Even Leeds has found a lifeline in Dominic Calvert-Lewin, who has nine goals. It turns out that in a league where teams are playing more long passes (up 1.5% across the league this year), having a big guy who can actually win a header is kind of a cheat code.
Key takeaways for the rest of the 2026 season
If you’re trying to figure out how this ends, stop looking at the "Form" column and start looking at the schedule and injury lists. Arsenal has the best defensive xG in the league (0.62 per game), which is usually the hallmark of a champion.
Manchester United and Chelsea are in the middle of managerial transitions—Liam Rosenior at Chelsea and a post-Amorim era at United—which makes them total wildcards for the Champions League spots.
- Check the xG Over-performance: Watch Aston Villa. If their luck turns, they could slide down the table fast.
- Fade the Bottom Three: Unless Wolves or Burnley pull off a "Great Escape" miracle, the relegation spots might be decided by March.
- Watch the "Sunderland Effect": Sunderland’s 10th place isn't a fluke; they have the 5th best defensive record in the league.
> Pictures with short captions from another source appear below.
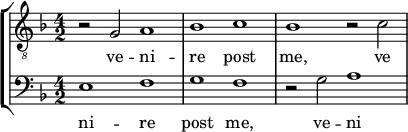  { << \new StaffGroup << \new Staff << \set Score.tempoHideNote = ##t \tempo 2 = 66 \set Staff.midiInstrument = #"voice oohs" \clef treble \time 4/2 \relative c' { \clef "treble_8" \time 4/2 \key g \dorian r2 g a1 bes c bes r2 c } \addlyrics { ve -- ni -- re post me, ve -- } >> \new Staff << \set Staff.midiInstrument = #"voice oohs" \clef bass \time 4/2 \key g \dorian \new Voice \relative c { e1 f g f r2 g a1 } \addlyrics { ni -- re post me, ve -- ni -- } >> >> >> } 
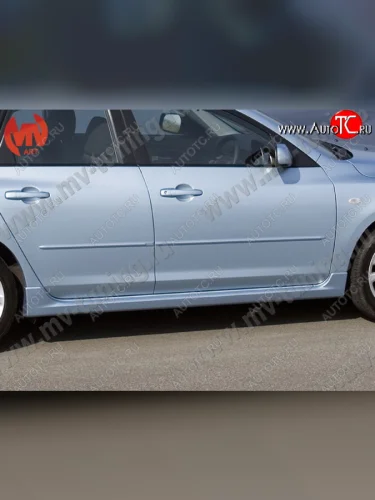 Пороги накладки MV-Tuning Mazda 3/Axela  BK (2003-2009) дорестайлинг седан, дорестайлинг, хэтчбэк, рестайлинг седан, рестайлинг, хэтчбэк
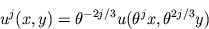 \begin{displaymath}u^j(x,y) = \theta^{-2j/3} u(\theta^jx, \theta^{2j/3}y)\end{displaymath}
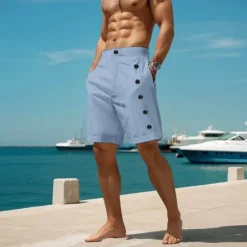 OUKU Men's Shorts Linen Shorts Summer Shorts Beach Shorts Pocket Side Button Plain Comfort Breathable Short Casual Daily Holiday Fashion Classic Style White Blue
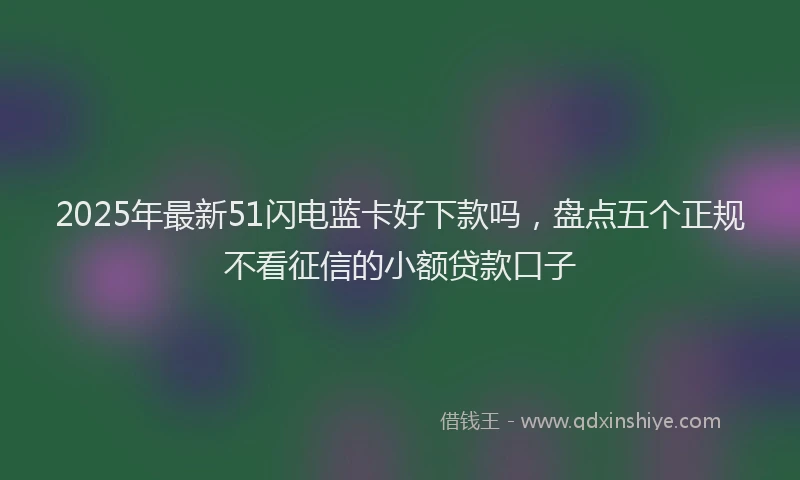 2025年最新51闪电蓝卡好下款吗，盘点五个正规不看征信的小额贷款口子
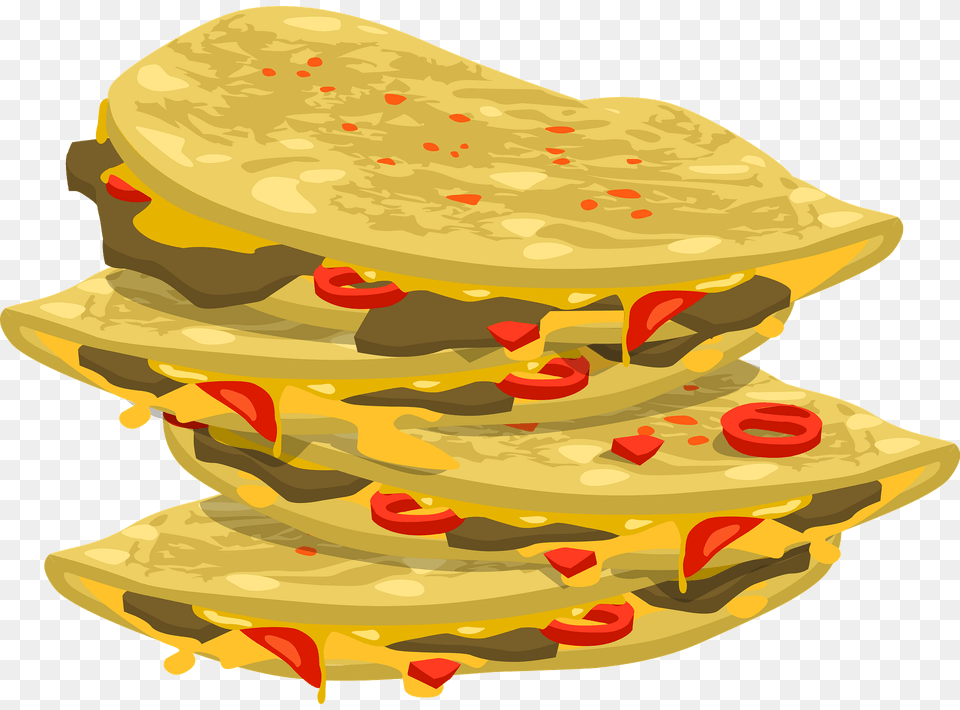 Spicy Quesadilla Clipart, Bread, Food, Pancake Png Image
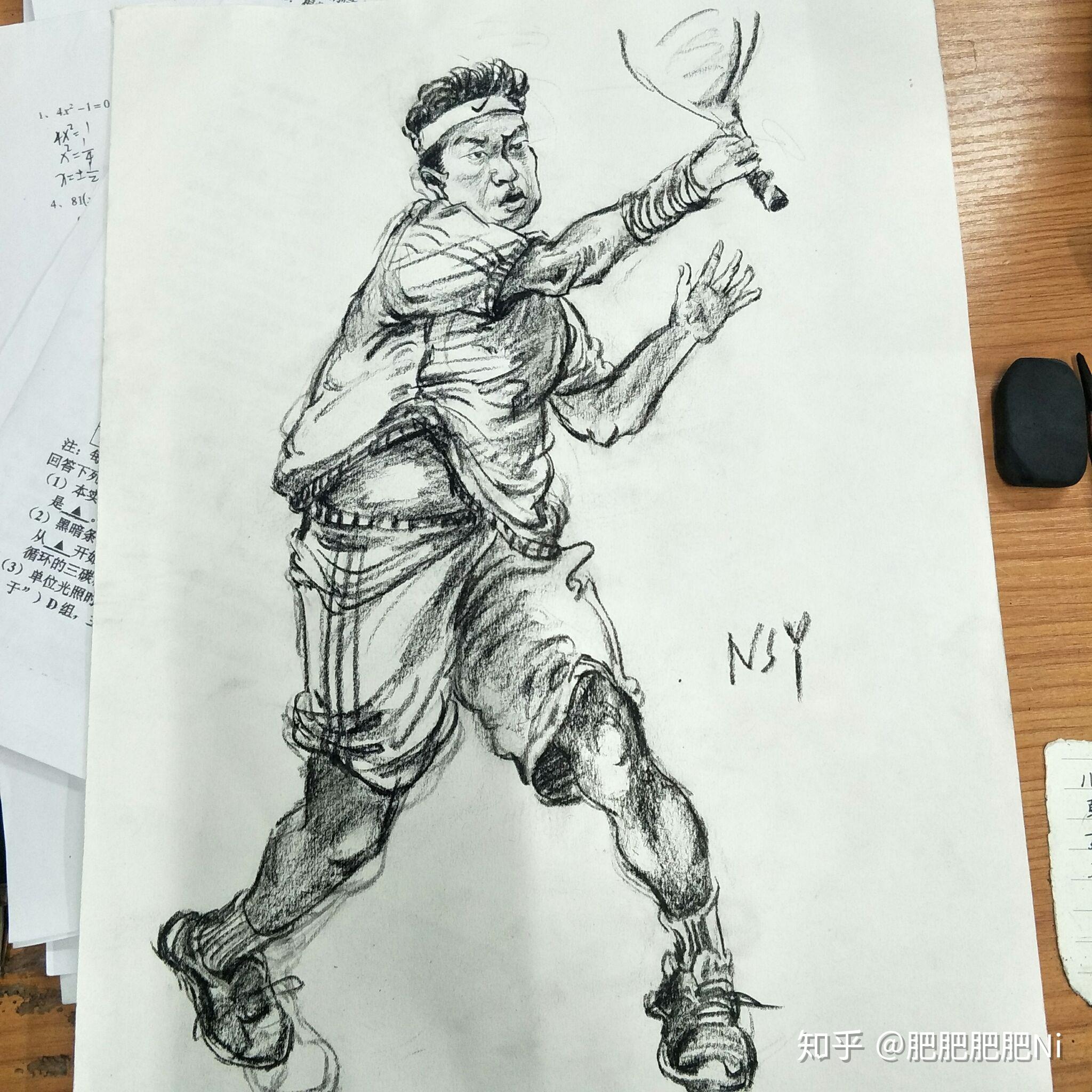 这张速写发给我妈妈的时候  他还指出  拿网球拍的手  手指断了哈哈哈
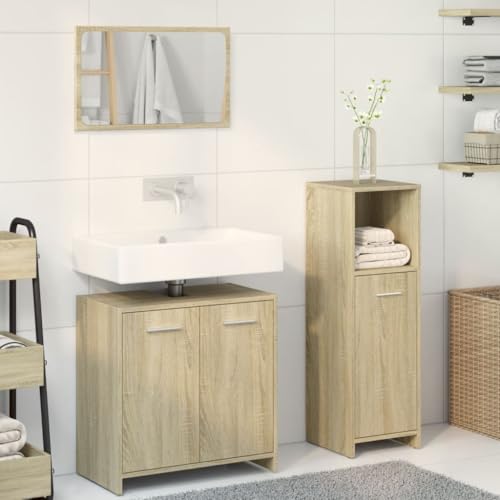 HEFZGDB 3-TLG. Badmöbel-Set Sonoma-Eiche Holzwerkstoff Flurschrank Badezimmerschrank Medizinschrank Apothekerschrank Küche für Badezimmer Wohnbereich Küche Gästezimmer HEFZGDB 3-TLG. Badmöbel-Set Sonoma-Eiche Holzwerkstoff Flurschrank Badezimmerschrank Medizinschrank Apothekerschrank Küche für Badezimmer Wohnbereich Küche Gästezimmer von HEFZGDB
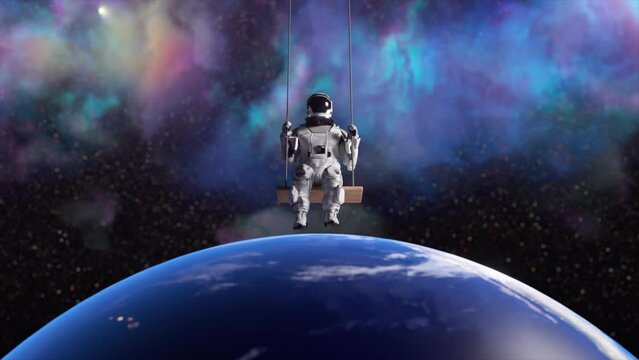 Astronaut swing on background of space. Earth below. Gravity. Surrealism. Starry sky. 3d animation of a seamless loop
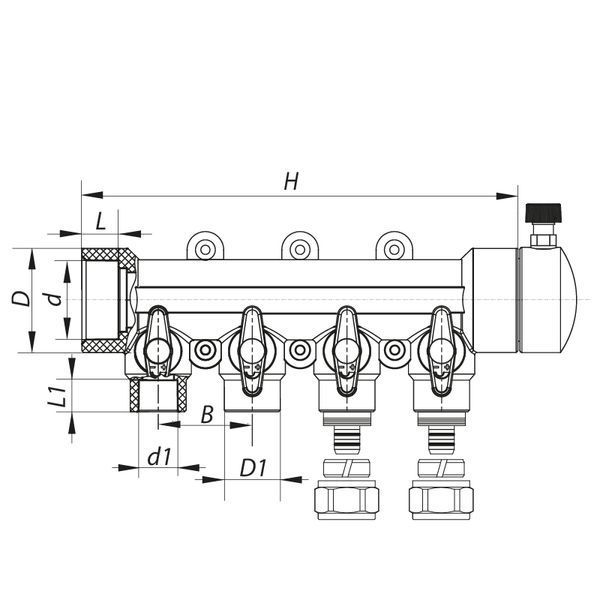 Коллектор распределительный 4-way с фитингом (40x20) PPR Koer K0192.PRO (KP2557) KP2557 фото
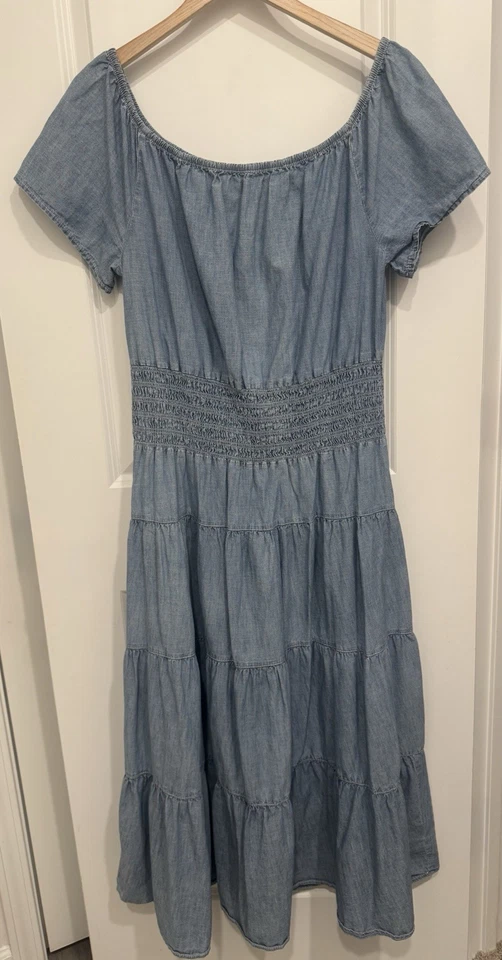 Maxi Vestido Lauren Ralph Lauren Para Mujer 6 Cambray Azul Cintura Ajustada en Niveles Boho Foto 4 de 4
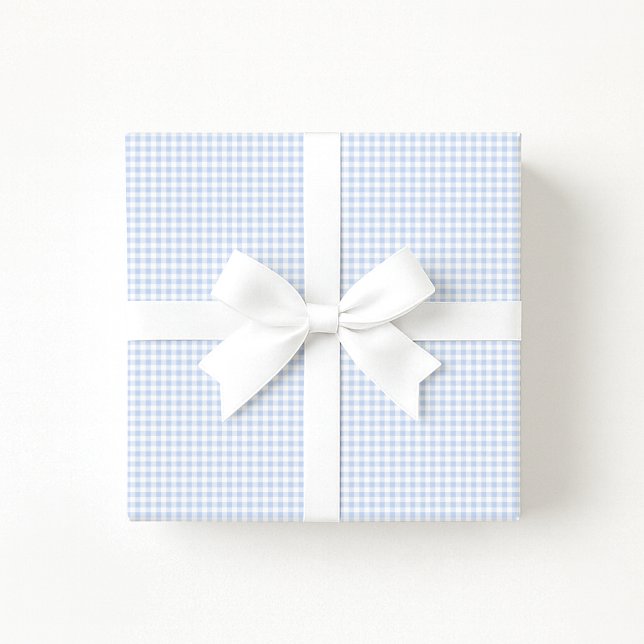 Papier Cadeau Preppy Pastel blue Gingham Wrapping Paper (Créateur téléchargé)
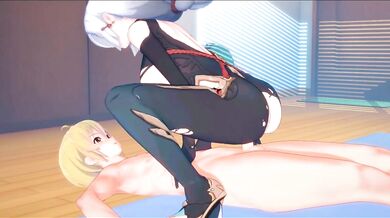 'Manuel Duarte gets his Genshin Impact Shenhe fixed by a hot mechanic in the garage, things get steamy.'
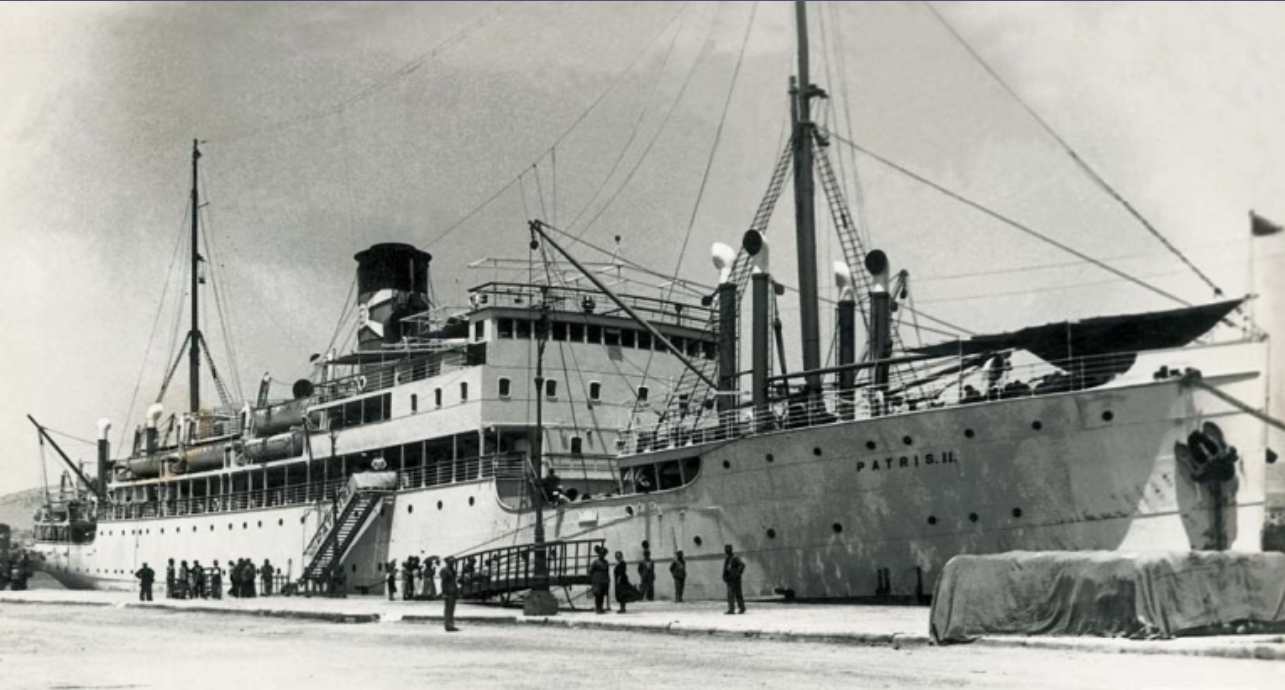 Loď Patris II. na ktorej sa kreoval v roku 1933 prvý koncept Aténskej charty.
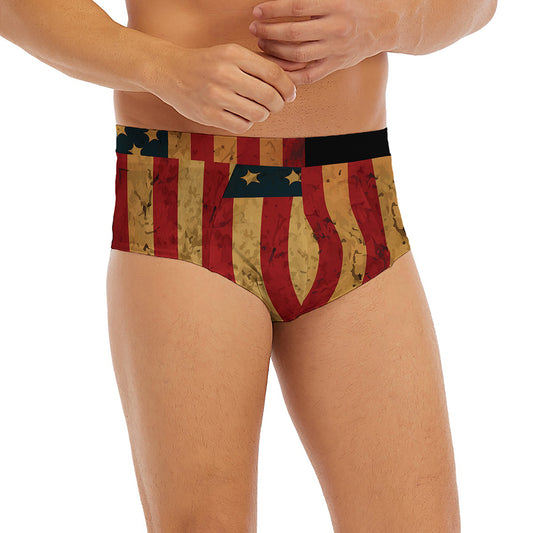 Vintage American Flag Print Men's Briefs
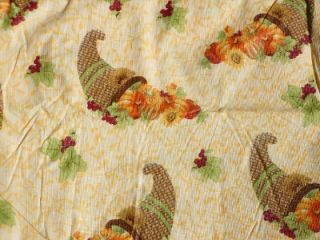  /Autumn/Fall~Cornucopia~Vinyl Tablecloth~Flannel Back~60 Round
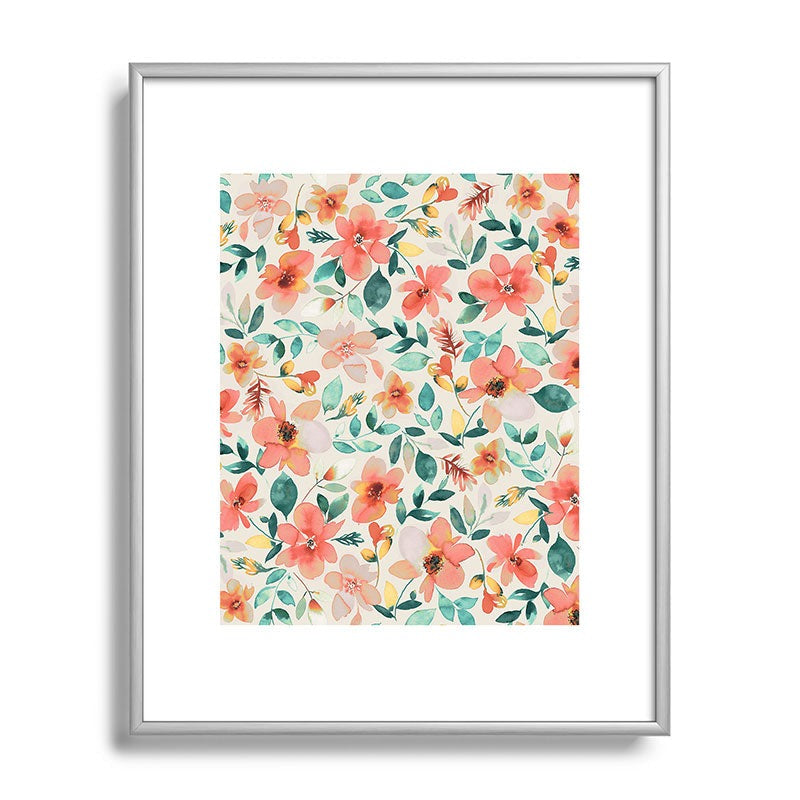 Ninola Design Botanic Retreat Tropical Whimsical Flowers Coral Green Metal Framed Art Print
They are legit.
The smart move right now is to keep an eye on the gap between 5th and 15th. It’s only seven points. One bad week and a team like Crystal Palace or Tottenham could find themselves in a genuine crisis.
Start tracking the "High Press" success rates for the top four. Arsenal leads the league in turnovers forced in the final third, and that’s why David Raya has 10 clean sheets. As long as they keep the ball away from their own box, they remain the favorites to finally lift the trophy in May.